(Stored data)
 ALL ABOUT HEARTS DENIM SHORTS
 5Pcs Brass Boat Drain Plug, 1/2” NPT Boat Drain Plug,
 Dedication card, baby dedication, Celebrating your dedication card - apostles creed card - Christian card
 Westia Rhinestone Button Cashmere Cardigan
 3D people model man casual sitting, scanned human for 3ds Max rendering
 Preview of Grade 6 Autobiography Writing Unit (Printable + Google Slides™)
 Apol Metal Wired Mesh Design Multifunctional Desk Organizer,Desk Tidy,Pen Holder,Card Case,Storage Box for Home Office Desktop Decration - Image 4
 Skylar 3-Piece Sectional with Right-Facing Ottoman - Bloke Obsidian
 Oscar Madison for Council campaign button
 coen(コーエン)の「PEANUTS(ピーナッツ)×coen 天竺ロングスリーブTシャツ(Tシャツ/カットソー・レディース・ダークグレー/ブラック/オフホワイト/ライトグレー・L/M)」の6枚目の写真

• _Exercise details_
Nothing but the lines above from the one containing "Preview of Grade" through the one containing "Oscar Madison for Council campaign button" should appear in the answer, each repeated exactly.

• _Answer section_
 Preview of Grade 6 Autobiography Writing Unit (Printable + Google Slides™)
 Apol Metal Wired Mesh Design Multifunctional Desk Organizer,Desk Tidy,Pen Holder,Card Case,Storage Box for Home Office Desktop Decration - Image 4
 Skylar 3-Piece Sectional with Right-Facing Ottoman - Bloke Obsidian
 Oscar Madison for Council campaign button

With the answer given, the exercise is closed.